Iklan

Minggu, 21 Desember 2025, 22.10.00 WIB
ACEH SINGKIL

Lima Ton Beras Bantuan Masih Mengendap di Posko Bersama Aceh Singkil, Kok Belum Didistribusikan?

Iklan

Logistik Bantuan Korban Banjir di Posko Bersama Penanggulangan Bencana Aceh Singkil, di Aula Kantor Camat Gunung Meriah. (Dokumen Lama PENAACEH, 9 Desember 2025)

Aceh Singkil — Kondisi Aceh Singkil pascabanjir kini berangsur normal. Air telah surut, warga terdampak sudah kembali ke rumah masing-masing, dan aktivitas masyarakat mulai berjalan seperti biasa.


Namun di tengah situasi yang mulai membaik itu, muncul persoalan lain yang justru memantik tanda tanya: sekitar lima ton beras bantuan masih menumpuk di Posko Bersama Penanggulangan Bencana Aceh Singkil, Aula Kantor Camat Gunung Meriah.


Ketua Posko Bersama yang juga Plt Kepala Dinas Sosial Aceh Singkil, Ali Hasmi Pohan, membenarkan adanya sisa logistik tersebut. Menurutnya, bantuan belum disalurkan karena menunggu logistik lain agar pendistribusian bisa dilakukan sekaligus.


“Menunggu logistik lain masuk, biar sekalian didistribusikan,” kata Ali Hasmi kepada PENAACEH, Minggu (21/12/2025).


Namun alasan itu justru menimbulkan pertanyaan lanjutan. Jika kondisi darurat telah berlalu dan warga sudah kembali ke rumah, untuk siapa bantuan itu kini ditahan?


*Darurat Usai, Logistik Seharusnya Bergerak*


Data resmi Posko Bersama mencatat hingga 9 Desember 2025, sebanyak 145.230 kilogram beras masuk ke posko dan 141.628 kilogram telah disalurkan. Artinya, masih ada selisih beberapa ton—termasuk sekitar lima ton yang kini mengendap.


Secara administratif, angka ini mungkin tidak bermasalah. Namun dari sisi kebijakan publik, pengendapan logistik di luar masa darurat dinilai tidak bijak. Bantuan pangan bukan sekadar stok gudang, melainkan instrumen negara untuk melindungi warga—terutama kelompok rentan—dari dampak lanjutan pascabencana.


Apalagi, Ali Hasmi mengaku belum mengetahui kapan bantuan tahap kedua akan masuk, karena kewenangan penjadwalan berada di Dinas Pangan Aceh Singkil. Ketidakpastian ini membuat nasib bantuan yang sudah ada menjadi menggantung.

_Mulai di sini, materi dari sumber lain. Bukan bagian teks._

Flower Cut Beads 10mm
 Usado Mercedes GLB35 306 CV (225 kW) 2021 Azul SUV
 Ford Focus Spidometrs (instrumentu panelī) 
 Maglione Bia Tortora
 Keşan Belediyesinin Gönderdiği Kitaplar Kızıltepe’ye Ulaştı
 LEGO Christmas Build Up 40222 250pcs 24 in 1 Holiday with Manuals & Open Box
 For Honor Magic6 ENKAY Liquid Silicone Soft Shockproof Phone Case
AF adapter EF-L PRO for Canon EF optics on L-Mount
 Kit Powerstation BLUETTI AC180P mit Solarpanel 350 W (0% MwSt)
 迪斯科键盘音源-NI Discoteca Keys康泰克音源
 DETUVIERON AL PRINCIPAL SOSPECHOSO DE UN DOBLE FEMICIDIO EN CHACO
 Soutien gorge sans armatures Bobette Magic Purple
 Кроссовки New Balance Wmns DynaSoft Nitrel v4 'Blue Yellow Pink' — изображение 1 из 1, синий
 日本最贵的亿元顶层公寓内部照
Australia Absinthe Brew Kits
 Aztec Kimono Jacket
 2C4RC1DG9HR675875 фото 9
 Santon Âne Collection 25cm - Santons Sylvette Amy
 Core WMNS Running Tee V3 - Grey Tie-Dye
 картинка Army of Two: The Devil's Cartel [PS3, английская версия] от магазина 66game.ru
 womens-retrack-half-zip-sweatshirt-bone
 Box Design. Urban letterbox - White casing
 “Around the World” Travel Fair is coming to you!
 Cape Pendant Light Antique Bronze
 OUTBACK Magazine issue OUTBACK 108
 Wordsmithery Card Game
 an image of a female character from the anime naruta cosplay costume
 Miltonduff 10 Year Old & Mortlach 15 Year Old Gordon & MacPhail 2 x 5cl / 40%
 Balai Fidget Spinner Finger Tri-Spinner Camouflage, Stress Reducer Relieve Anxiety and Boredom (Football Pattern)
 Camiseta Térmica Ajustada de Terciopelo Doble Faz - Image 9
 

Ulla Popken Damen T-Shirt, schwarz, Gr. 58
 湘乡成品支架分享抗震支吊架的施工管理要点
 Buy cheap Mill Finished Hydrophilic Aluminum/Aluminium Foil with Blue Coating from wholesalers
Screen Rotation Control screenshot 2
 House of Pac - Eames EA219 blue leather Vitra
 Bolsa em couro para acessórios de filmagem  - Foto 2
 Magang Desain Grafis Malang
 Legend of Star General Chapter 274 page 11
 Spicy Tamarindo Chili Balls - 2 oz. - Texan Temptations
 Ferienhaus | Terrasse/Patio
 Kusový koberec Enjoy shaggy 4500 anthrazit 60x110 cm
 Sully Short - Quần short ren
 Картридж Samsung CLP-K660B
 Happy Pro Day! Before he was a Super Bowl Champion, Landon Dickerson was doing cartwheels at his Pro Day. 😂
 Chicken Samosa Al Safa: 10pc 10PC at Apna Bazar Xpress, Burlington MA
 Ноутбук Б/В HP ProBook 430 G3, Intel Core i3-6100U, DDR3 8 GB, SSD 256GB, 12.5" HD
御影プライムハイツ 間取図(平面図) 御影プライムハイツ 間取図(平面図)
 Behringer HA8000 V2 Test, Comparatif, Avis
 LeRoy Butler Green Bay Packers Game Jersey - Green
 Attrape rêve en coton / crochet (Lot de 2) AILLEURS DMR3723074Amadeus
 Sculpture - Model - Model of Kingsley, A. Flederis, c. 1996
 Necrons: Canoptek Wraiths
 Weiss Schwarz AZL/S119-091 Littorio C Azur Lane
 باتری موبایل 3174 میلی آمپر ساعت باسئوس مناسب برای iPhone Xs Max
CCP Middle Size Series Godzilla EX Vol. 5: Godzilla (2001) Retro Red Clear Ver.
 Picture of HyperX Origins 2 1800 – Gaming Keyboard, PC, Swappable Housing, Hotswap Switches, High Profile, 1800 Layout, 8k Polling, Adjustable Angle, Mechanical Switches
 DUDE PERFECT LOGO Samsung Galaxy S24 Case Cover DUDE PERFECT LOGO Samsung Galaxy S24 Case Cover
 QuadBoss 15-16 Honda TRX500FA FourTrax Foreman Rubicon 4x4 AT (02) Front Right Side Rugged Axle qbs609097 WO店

*Bantuan Banyak, Tapi Arah Kebijakan Dipertanyakan*


Padahal, bantuan untuk Aceh Singkil tercatat datang dari berbagai sumber: BNPB, Kementerian Sosial RI, BPBA, Bulog, pemerintah daerah tetangga, sektor swasta, hingga partai politik. Bulog bahkan menjadi salah satu pemasok terbesar dengan pengiriman puluhan ribu kilogram beras sejak akhir November 2025.


Ironisnya, di tengah arus bantuan yang besar itu, sebagian logistik justru berhenti di posko, bukan bergerak ke masyarakat.


Situasi ini memunculkan kritik bahwa pengelolaan bantuan lebih berorientasi pada kelengkapan administrasi ketimbang kepekaan terhadap momentum. Saat darurat, bantuan dituntut cepat. Saat darurat berlalu, bantuan seharusnya segera dialihkan untuk pemulihan, bukan ditahan tanpa kejelasan.


*Transparansi Diakui, Kebijakan Tetap Dipersoalkan*


Ali Hasmi menegaskan seluruh arus logistik dicatat secara terbuka dan dapat diaudit.“Semua bantuan yang masuk dan keluar tercatat dan bisa diaudit,” ujarnya.


Namun publik menilai, transparansi data tidak otomatis membenarkan pengendapan bantuan. Dalam konteks pascabencana, pemerintah dituntut bukan hanya tertib administrasi, tetapi juga cerdas membaca situasi.Banjir memang sudah surut. Warga memang sudah pulang.

Namun justru karena itulah, logistik tidak seharusnya mengendap—melainkan diarahkan untuk mempercepat pemulihan, membantu dapur keluarga, atau dialihkan ke wilayah yang masih membutuhkan.